# Mavic R-Sys



## AnthonyL88 (Oct 9, 2007)

I'm thinking about buying the Mavic R-Sys wheelset 2008. This will be on my new 2008 Look 555 frame and I wanted some opinion on it & does anyone ever use these wheelset?


----------



## lawrence (May 17, 2005)

I've only demo these wheels. Great riding wheels, does a good job of absorbing the bumps and vibrations of the road but not the lightest wheels on the market. You buy them for the vibration absorption, I know of no other reason, but that's a big reason. A lot of money.


----------



## AnthonyL88 (Oct 9, 2007)

Is there a wheelset you would recommend?


----------



## yessl (Nov 1, 2005)

AnthonyL88 said:


> I'm thinking about buying the Mavic R-Sys wheelset 2008. This will be on my new 2008 Look 555 frame and I wanted some opinion on it & does anyone ever use these wheelset?

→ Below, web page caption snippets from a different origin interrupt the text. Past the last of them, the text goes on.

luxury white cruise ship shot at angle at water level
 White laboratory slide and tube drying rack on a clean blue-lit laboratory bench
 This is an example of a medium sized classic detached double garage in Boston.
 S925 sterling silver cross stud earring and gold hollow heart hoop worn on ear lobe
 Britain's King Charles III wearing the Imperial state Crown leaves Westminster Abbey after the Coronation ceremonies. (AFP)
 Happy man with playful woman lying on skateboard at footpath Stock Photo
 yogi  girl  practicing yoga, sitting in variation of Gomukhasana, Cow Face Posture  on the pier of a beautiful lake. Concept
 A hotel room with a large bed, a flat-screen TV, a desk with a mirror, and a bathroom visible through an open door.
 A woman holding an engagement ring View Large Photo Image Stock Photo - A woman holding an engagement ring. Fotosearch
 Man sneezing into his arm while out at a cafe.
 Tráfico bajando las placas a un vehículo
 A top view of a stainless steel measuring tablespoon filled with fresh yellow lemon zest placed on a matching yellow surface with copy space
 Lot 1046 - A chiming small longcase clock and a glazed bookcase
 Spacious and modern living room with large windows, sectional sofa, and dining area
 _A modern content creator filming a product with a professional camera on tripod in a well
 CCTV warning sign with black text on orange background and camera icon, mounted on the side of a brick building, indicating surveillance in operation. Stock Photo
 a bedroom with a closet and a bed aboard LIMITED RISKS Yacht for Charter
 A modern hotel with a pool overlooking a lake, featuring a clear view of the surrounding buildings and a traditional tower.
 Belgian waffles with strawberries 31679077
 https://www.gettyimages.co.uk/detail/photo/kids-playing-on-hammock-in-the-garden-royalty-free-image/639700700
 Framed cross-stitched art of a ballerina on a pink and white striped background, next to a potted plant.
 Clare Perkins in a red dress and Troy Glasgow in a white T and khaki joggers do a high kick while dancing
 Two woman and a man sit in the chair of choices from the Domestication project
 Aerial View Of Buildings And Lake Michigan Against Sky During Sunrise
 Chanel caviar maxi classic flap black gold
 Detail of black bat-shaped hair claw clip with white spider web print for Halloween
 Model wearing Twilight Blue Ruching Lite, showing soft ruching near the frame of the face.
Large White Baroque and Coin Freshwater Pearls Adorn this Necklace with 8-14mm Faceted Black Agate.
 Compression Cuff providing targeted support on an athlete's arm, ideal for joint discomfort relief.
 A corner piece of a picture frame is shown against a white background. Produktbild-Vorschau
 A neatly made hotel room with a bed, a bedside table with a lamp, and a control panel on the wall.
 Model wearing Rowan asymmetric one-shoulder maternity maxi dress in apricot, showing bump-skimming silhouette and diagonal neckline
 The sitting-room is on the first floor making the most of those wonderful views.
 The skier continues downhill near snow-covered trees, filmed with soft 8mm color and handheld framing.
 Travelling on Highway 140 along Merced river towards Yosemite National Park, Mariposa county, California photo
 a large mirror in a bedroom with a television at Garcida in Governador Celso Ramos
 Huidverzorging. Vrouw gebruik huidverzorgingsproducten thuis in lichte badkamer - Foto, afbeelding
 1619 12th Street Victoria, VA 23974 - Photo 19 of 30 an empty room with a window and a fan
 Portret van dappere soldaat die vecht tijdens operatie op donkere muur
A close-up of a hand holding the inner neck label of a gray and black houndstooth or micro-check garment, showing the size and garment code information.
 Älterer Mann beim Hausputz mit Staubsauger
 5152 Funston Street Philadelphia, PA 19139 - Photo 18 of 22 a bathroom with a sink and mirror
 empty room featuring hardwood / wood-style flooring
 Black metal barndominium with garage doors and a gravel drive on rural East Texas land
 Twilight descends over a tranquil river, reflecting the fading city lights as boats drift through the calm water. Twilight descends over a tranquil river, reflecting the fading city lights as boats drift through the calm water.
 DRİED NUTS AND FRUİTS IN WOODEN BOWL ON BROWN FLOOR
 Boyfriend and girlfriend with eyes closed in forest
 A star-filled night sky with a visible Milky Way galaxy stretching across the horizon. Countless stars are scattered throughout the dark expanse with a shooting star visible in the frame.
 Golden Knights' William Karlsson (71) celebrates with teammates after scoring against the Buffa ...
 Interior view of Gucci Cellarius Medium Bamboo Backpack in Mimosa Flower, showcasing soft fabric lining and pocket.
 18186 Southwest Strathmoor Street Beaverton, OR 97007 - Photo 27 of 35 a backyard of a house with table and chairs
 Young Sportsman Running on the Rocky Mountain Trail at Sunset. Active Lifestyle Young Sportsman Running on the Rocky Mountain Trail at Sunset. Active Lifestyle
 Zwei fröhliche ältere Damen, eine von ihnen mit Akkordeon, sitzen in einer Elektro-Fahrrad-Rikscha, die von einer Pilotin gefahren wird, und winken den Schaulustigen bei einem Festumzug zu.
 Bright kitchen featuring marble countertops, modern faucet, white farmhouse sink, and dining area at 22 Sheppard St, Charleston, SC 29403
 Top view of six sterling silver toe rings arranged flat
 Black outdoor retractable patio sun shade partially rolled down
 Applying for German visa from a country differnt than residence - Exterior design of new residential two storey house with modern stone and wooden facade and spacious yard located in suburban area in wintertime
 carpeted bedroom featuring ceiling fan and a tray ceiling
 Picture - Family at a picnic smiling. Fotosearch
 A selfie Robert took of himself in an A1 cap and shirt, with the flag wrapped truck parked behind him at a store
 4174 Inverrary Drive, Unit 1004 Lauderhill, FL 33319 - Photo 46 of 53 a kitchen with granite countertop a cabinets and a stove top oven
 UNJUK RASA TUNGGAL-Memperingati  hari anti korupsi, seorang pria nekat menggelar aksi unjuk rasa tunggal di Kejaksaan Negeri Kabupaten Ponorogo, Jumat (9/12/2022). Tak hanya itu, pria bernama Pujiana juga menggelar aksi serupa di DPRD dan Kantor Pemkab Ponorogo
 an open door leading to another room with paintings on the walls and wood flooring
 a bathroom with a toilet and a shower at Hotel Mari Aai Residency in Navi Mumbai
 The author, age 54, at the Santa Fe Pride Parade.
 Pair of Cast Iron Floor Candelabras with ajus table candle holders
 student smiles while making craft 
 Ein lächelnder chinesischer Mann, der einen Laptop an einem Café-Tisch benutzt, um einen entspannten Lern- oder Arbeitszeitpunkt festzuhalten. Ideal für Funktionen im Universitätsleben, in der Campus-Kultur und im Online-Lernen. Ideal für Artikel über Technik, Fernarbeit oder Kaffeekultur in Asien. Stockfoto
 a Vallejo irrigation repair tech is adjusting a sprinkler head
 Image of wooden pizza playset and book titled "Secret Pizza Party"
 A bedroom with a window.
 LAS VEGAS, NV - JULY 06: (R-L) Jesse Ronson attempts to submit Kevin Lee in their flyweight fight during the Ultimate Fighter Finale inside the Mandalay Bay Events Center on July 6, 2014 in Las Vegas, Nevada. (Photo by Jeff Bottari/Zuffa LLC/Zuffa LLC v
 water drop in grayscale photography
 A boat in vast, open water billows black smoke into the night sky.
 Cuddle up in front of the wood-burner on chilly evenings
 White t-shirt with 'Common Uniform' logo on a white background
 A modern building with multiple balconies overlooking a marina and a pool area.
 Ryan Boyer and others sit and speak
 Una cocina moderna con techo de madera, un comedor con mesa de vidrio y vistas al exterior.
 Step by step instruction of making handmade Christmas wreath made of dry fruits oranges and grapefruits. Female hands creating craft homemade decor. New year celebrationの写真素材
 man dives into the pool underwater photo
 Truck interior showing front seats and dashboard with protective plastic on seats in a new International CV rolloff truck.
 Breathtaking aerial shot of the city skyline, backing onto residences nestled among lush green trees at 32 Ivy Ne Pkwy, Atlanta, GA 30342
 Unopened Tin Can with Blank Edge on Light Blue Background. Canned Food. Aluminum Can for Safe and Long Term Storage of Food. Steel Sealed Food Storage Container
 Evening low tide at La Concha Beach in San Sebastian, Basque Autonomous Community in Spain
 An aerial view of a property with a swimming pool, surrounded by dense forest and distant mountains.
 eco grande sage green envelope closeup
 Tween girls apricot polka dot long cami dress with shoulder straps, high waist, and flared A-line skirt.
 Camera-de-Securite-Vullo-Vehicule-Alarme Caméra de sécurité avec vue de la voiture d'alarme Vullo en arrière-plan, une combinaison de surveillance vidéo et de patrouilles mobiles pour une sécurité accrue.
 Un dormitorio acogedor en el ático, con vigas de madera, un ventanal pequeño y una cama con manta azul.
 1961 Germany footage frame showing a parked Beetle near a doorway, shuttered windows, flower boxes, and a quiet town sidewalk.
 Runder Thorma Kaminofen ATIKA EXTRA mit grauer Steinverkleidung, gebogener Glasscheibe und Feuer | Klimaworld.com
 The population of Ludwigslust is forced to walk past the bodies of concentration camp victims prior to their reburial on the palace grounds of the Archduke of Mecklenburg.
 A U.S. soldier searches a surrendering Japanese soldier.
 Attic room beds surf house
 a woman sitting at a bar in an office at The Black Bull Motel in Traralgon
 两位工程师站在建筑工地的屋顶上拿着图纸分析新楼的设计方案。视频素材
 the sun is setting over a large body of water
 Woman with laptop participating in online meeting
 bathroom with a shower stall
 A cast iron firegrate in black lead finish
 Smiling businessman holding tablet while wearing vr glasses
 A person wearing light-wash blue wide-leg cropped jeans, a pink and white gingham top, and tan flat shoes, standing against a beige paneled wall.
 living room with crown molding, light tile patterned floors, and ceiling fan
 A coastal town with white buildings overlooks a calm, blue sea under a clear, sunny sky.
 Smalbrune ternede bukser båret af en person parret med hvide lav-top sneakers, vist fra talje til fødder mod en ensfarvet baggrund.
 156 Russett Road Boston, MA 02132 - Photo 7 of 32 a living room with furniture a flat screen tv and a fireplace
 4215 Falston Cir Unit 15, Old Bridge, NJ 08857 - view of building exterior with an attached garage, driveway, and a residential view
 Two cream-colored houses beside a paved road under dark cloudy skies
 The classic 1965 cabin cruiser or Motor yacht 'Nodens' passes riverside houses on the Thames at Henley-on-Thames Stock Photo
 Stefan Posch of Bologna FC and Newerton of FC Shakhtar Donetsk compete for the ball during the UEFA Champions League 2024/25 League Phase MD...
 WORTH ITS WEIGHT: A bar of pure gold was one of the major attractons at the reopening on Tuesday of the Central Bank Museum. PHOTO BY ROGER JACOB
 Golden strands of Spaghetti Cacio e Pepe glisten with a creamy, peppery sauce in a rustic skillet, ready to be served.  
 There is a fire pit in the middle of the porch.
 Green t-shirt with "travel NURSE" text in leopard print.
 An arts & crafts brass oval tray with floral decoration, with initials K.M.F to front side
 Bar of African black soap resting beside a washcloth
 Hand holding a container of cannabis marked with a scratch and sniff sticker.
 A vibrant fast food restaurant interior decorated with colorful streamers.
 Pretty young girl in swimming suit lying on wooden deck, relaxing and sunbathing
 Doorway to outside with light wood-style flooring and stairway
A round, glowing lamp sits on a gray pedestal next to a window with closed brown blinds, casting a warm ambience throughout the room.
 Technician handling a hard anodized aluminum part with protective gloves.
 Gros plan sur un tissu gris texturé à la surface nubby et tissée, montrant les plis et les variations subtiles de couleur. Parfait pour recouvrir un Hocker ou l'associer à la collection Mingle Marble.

For what it's worth (you be the judge), they are possibly the worst performing wheel aerodynamically. Have a look at this chart:
<a href="https://accel11.mettre-put-idata.over-blog.com/0/02/72/10/Tests-Acheteur/base-de-donnees/TEST-aero-wheels.jpg">https://accel11.mettre-put-idata.over-blog.com/0/02/72/10/Tests-Acheteur/base-de-donnees/TEST-aero-wheels.jpg</a>

The original report is <a href="https://www.rouesartisanales.com/article-15505311.html">here</a>

They do look really good though...


----------



## texass4 (Oct 13, 2005)

Aerodynamics aside, I've heard nothing but poor reviews so far. I've heard from 3 separate people, totally unrelated, that something is fishy with the hubs. I can't recall exactly, but some little part has failed (exact same problem with each rider) causing the front hub to seize, nearly tossing the rider over the bars. Surely those are isolated incidents from a company with a reputation like Mavic, but it still doesn't give me a warm enough feeling to open my wallet to pay that high of a price for a new wheel set. 

That, coupled with the whole carbon "spoke" thing doesn't make me too comfortable. There's no breaking a spoke, and popping into the LBS for a quick fix...damaged wheels requiring CF spoke replacement must be sent back to Mavic. Not something I'm interested in unless I've got a support car trailing me on every ride.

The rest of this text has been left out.